• **WHAT YOU SHOULD DO**
Output the listing below exactly, minus its images.

• **SUPPLIED DATA**
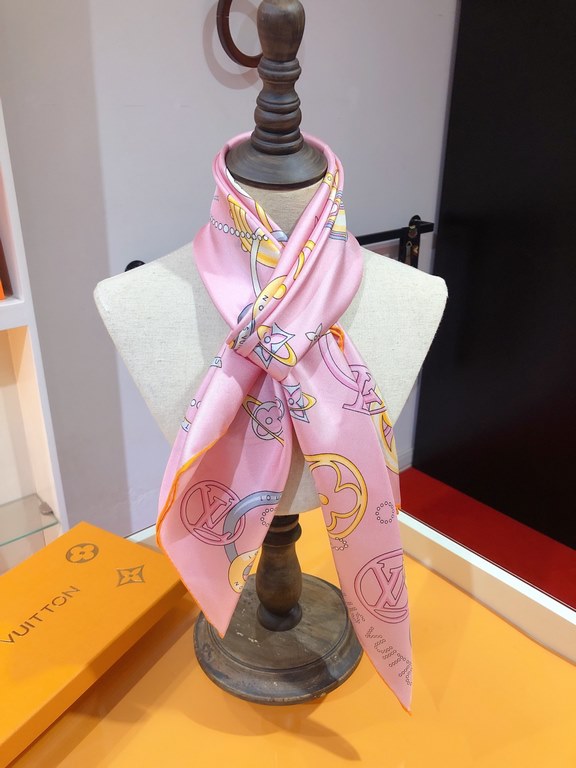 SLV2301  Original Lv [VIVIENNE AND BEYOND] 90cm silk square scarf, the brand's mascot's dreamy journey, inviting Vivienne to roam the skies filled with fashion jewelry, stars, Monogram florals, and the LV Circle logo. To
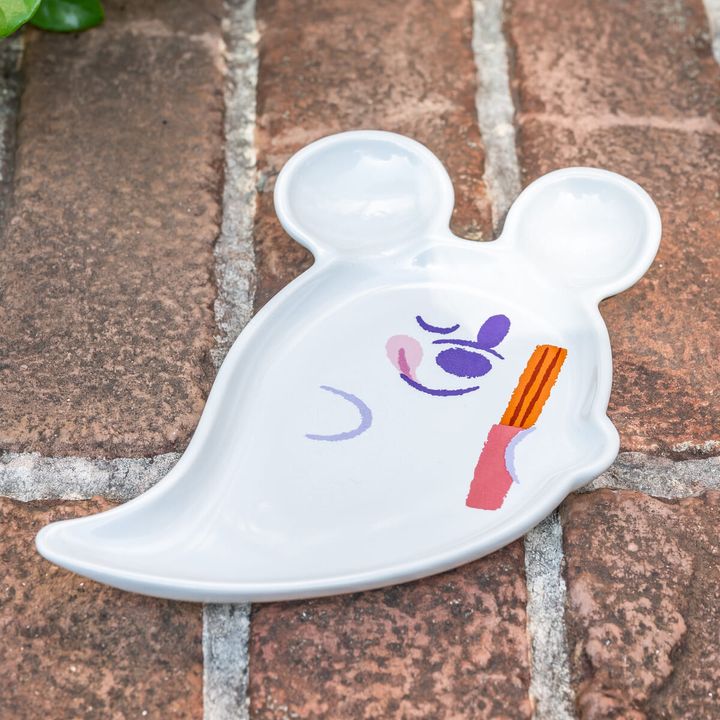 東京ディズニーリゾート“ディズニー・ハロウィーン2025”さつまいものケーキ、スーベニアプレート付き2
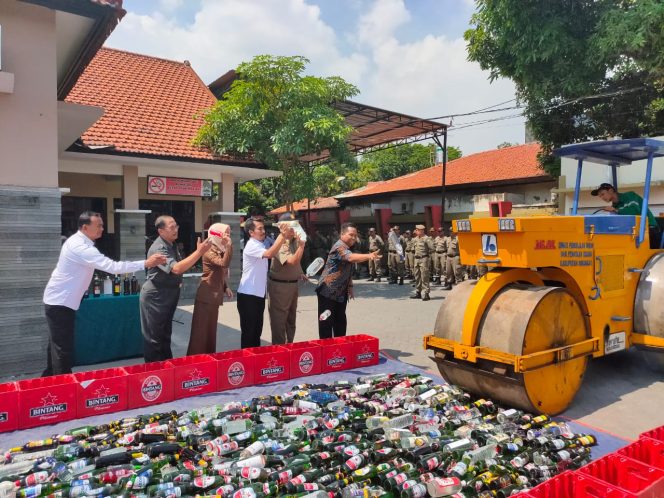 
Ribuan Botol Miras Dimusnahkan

• **SOLUTION**
 SLV2301  Original Lv [VIVIENNE AND BEYOND] 90cm silk square scarf, the brand's mascot's dreamy journey, inviting Vivienne to roam the skies filled with fashion jewelry, stars, Monogram florals, and the LV Circle logo. To
 東京ディズニーリゾート“ディズニー・ハロウィーン2025”さつまいものケーキ、スーベニアプレート付き2
Ribuan Botol Miras Dimusnahkan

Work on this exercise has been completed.